### Task data
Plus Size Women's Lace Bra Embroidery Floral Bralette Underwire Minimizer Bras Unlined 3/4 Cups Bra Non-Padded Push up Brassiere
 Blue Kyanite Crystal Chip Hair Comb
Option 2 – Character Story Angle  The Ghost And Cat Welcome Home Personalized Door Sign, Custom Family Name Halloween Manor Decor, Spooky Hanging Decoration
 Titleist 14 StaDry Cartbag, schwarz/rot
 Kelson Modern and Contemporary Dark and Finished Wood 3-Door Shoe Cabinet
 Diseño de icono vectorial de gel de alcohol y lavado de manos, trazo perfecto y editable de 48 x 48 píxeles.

### Prompt
Note every line above where the string "Door" shows up, and copy those lines.

### Task response
Option 2 – Character Story Angle  The Ghost And Cat Welcome Home Personalized Door Sign, Custom Family Name Halloween Manor Decor, Spooky Hanging Decoration
 Kelson Modern and Contemporary Dark and Finished Wood 3-Door Shoe Cabinet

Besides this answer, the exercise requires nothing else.